### EXERCISE
Print the data below exactly, but only the lines from the one containing "Scielo Brasil Ecological" down to the one containing "600 × 300 см · Экосольвентная печать", inclusive.

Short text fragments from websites
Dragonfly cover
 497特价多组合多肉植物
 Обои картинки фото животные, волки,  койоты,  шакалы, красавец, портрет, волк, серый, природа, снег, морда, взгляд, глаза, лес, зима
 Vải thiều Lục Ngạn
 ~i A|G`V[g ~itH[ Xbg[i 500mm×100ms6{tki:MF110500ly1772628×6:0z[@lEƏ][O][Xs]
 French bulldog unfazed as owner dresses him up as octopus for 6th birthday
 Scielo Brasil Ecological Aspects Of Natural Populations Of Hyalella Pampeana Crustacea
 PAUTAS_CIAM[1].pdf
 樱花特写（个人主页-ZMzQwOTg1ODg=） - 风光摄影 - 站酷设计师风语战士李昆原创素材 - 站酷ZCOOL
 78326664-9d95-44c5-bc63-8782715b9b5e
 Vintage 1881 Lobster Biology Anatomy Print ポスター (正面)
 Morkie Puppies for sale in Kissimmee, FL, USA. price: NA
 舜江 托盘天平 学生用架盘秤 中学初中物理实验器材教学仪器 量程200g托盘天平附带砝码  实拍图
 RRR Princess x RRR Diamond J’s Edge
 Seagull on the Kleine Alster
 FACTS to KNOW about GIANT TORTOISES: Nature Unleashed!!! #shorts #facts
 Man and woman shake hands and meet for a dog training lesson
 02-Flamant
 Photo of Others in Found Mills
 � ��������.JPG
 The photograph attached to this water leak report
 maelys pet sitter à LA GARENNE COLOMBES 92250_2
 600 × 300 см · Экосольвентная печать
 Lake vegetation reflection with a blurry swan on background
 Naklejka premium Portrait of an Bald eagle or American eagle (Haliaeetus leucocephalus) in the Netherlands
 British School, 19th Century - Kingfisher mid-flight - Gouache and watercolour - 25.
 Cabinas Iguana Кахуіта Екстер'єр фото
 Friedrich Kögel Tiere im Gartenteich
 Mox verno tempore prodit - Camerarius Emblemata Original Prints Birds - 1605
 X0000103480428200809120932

### ANSWER
 Scielo Brasil Ecological Aspects Of Natural Populations Of Hyalella Pampeana Crustacea
 PAUTAS_CIAM[1].pdf
 樱花特写（个人主页-ZMzQwOTg1ODg=） - 风光摄影 - 站酷设计师风语战士李昆原创素材 - 站酷ZCOOL
 78326664-9d95-44c5-bc63-8782715b9b5e
 Vintage 1881 Lobster Biology Anatomy Print ポスター (正面)
 Morkie Puppies for sale in Kissimmee, FL, USA. price: NA
 舜江 托盘天平 学生用架盘秤 中学初中物理实验器材教学仪器 量程200g托盘天平附带砝码  实拍图
 RRR Princess x RRR Diamond J’s Edge
 Seagull on the Kleine Alster
 FACTS to KNOW about GIANT TORTOISES: Nature Unleashed!!! #shorts #facts
 Man and woman shake hands and meet for a dog training lesson
 02-Flamant
 Photo of Others in Found Mills
 � ��������.JPG
 The photograph attached to this water leak report
 maelys pet sitter à LA GARENNE COLOMBES 92250_2
 600 × 300 см · Экосольвентная печать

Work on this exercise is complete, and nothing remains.